Richard Crafts Transferred To Garner
BY ANDREW GOROSKO
Former Newtown resident Richard Crafts, 59, the perpetrator of the notorious and bizarre "wood chipper murder" in 1986, has returned to Newtown, but this time as an inmate at Garner Correctional Institution, the state's high security prison on Nunnawauk Road.
William Flower, a spokesman for the state Department of Correction, confirmed this week that Mr Crafts has been transferred to Garner from MacDougall Correctional Institution in Suffield.
State prison inmates are routinely transferred from one facility to another for various reasons.
Mr Crafts is housed in one of the "general prison population" cellblocks in Garner, Mr Flower said. Garner also has cellblocks for mental health inmates and for its "close custody" program in which prison gang leaders are kept under very high security.
Mr Crafts is serving a 50-year prison sentence for murdering his wife. Helle. His prison time started running on January 13, 1987, after he was charged with murder.
Police believe Mr Crafts murdered his wife in November 1986 and then disposed of her corpse along the banks of Lake Zoar after fragmenting it with a wood chipper.
Mrs Crafts, 39, a Pan Am flight attendant who lived at 5 Newfield Lane, was last seen alive on November 18, 1986. She wasn't reported missing until December 1.

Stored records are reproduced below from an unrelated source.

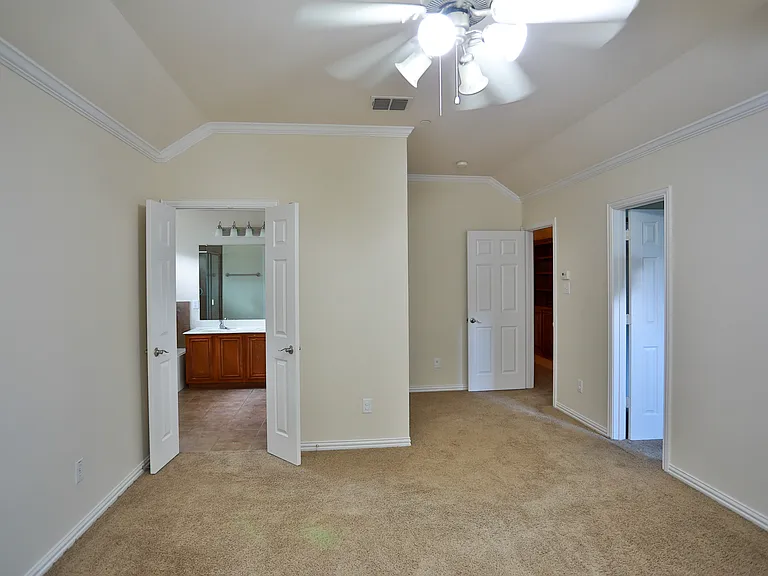 4611 Penelope Ln — Photo 4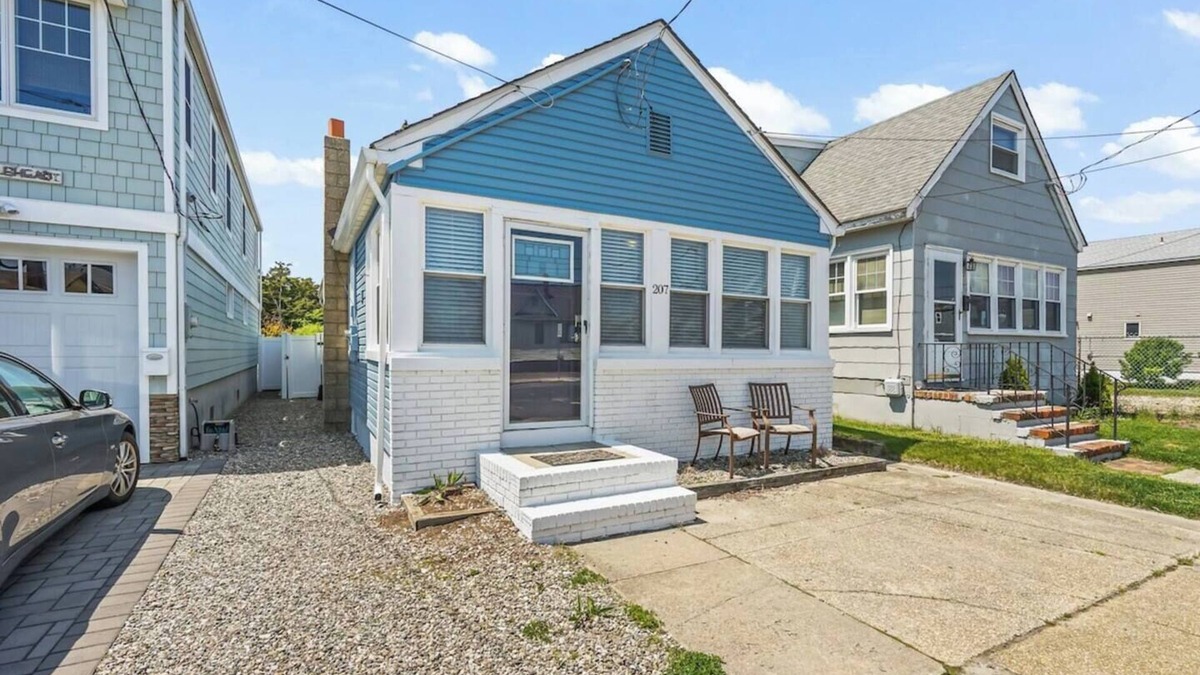 Point Pleasant Beach House | Comfy & Cozy - 3BR House - 1 Block to the Boardwalk
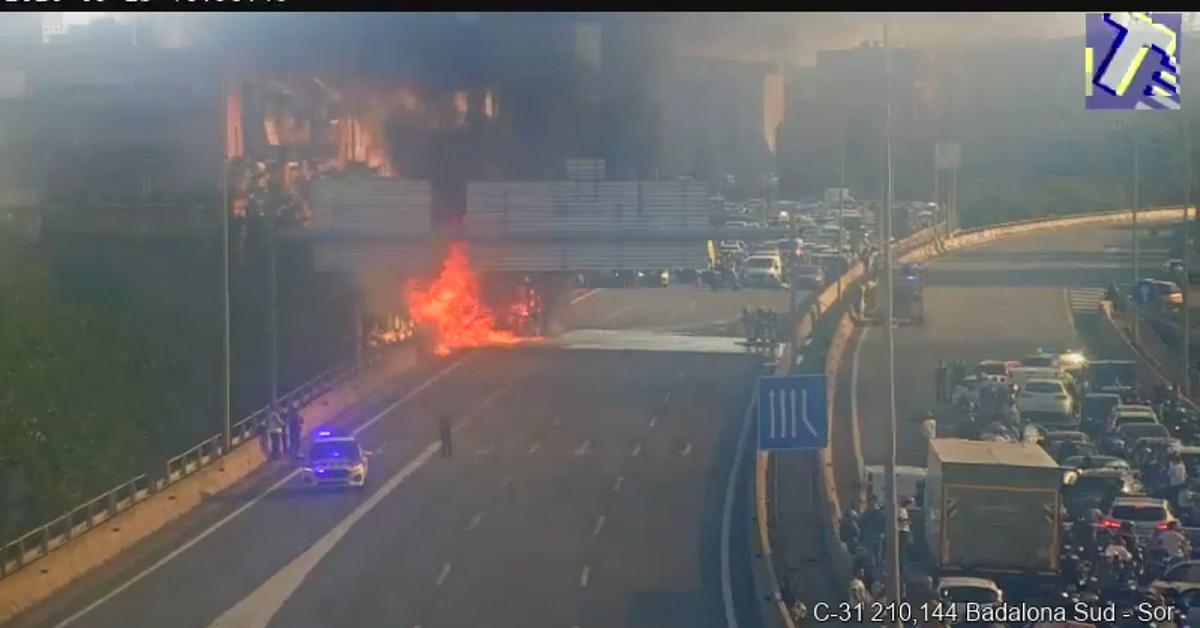 #ÚltimaHora | Un únic carril obert a la C-31 a Badalona per l'incendi d'un autocar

More than a month later, state police arrested Mr Crafts, an Eastern Airlines pilot, at his home. He was held on $750,000 bond.
Major crime investigators combed the woods looking for evidence near Lake Zoar about one mile north of the Silver Bridge on River Road in Southbury. There, amid a pile of wood chips, they found a piece of a finger, a fingernail, hair strands, a tooth, a toenail, bone fragments, flesh, and letters addressed to Mrs Crafts. Divers aided in the investigation, locating a chain that was said to be part of the chain saw Mr Crafts used in the crime.
Mrs Crafts had been trying to serve her husband with divorce papers before she disappeared. Suspecting he was having an affair, she apparently told her attorney that if she disappeared not to assume it was an accident. Her car was later found parked at Kennedy International Airport.
Mr Crafts worked as an auxiliary police officer for the Newtown police and had been employed as a part-time policeman in Southbury at the time of his arrest.
It took two trials to convict Mr Crafts. The first, held at Danbury Superior Court, ended in a mistrial in 1987. The second trial was moved to New London where a guilty verdict was rendered in November 1989. A judge sentenced Mr Crafts to 50 years in prison. He was the first man ever convicted of murder in Connecticut without the discovery of the victim's corpse.
Investigators believed that Mr Crafts hit his wife over the head with a flashlight and may have then strangled her. He is believed to have stored her body overnight in a large freezer in his garage. Eventually, he took her body to a plot of land he owned off Currituck Road and cut her body into pieces, later to be put through the wood chipper, according to police.